Les banquiers se donnent beaucoup de mal pour garder lerus les "nègres" ! Le nègre qui s’émancipe, y a pas bon pour le buisiness J’attends avec impatience que la l’Espagne ou l’Italie s’annonce ! Ras le C... de cette Europe parasyte des travailleurs et des entreprises !

Le 8 juillet 2015 à 12:21 par la pythie
#1223989

J’ai lu que Syrisa ainsi que Podemos ont été crées par George Soros. Quelqu’un confirme-t-il l’info ? si c’est vrai, c’est de nature à reconsidérer sous un jour nouveau l’émergence de ces mouvements " anti système " tels que le UKIP de Farage ou le Tea Party aux états-unis...

Le 8 juillet 2015 à 12:39 par david
#1223997

Très bon article, dommage que cette lucidité soit à la veille de ...

Bon à court terme ça ressemble bien à une sortie ? fin de non recevoir + veux plus payer

CQFD cette monnaie euros n’est que rapacité rentière inféodé à l’Empire, quand CA coute trop sans retour ça dégage. Dans cette perspective vaux mieux annexer l’Ukraine avec des SMICs à 100 euros le mois, c’est bon ça ! reste que c’est un peu proche de l’ours, mais il est affaibli, avec de la propagande Hollywoodienne on y va. Avec de la propagande on fait même mourir des migrants dans le tunnel sous la manche croyant au paradis britannique, alors.

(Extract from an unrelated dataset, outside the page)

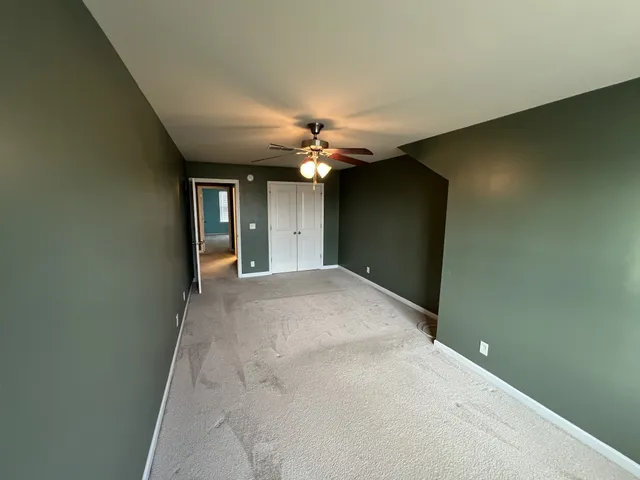a view of a chandelier fan and entryway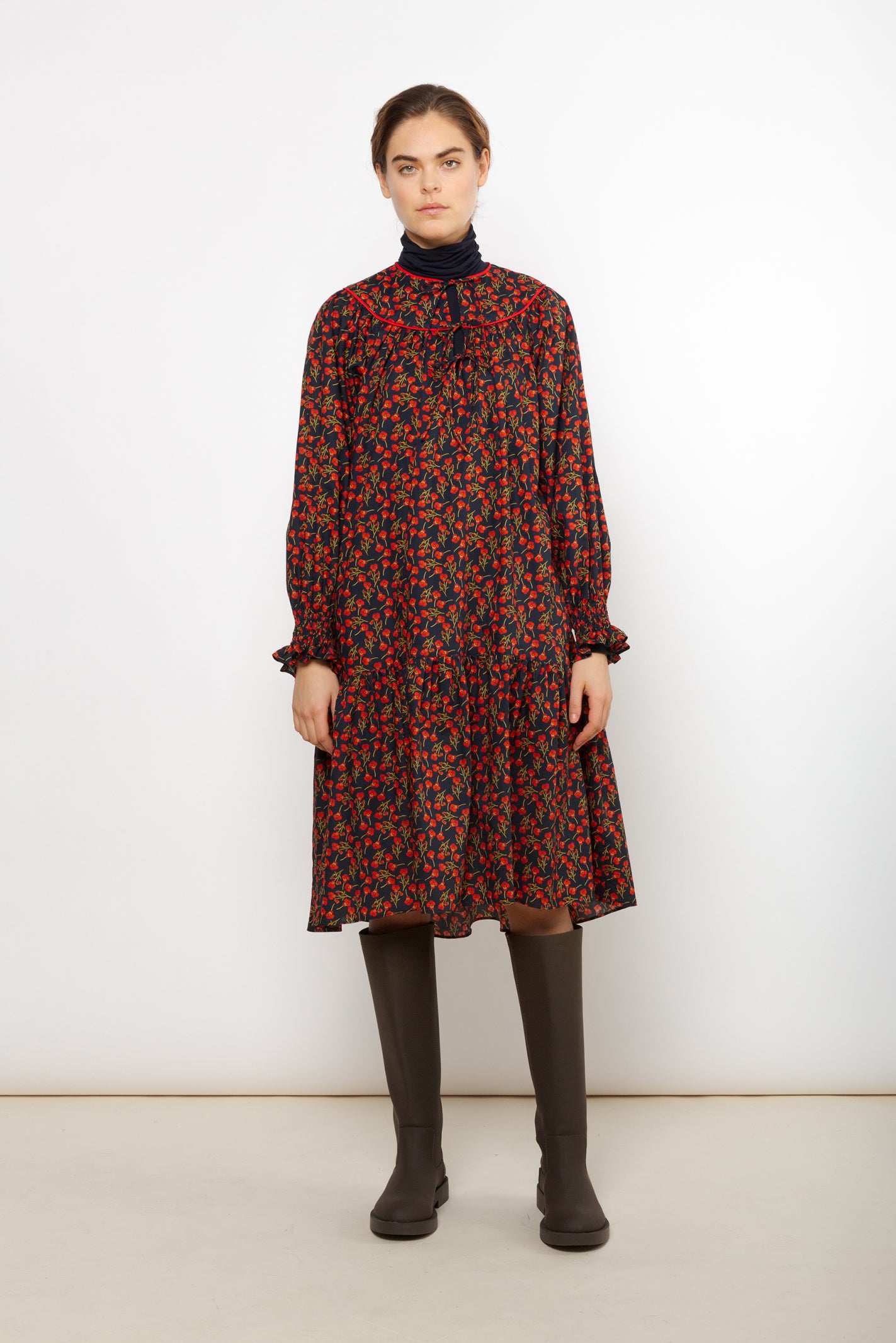Woman in short Liberty cotton dress with red rose pattern and puffed sleeves with detailed cuffs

8-12% de transfert pour l’Allemagne c’est faisable, mais c’est court en temps, en évitant soigneusement d’expliquer les tenants et aboutissant au peuple allemand, dur dur. Pour l’oligarchie allemande aux ordre impérieux au dessus mais à autonomie régionale, ça peu le faire, évidement faut pas donner des sous sans fond, ça marcherait dans une Europe allemandisée et ouverte, dur dur de faire ça avec des pays faisandé comme la France Républicaine.

On sent que c’est pas jouable, dur de bricoler un machin pendant les vacances.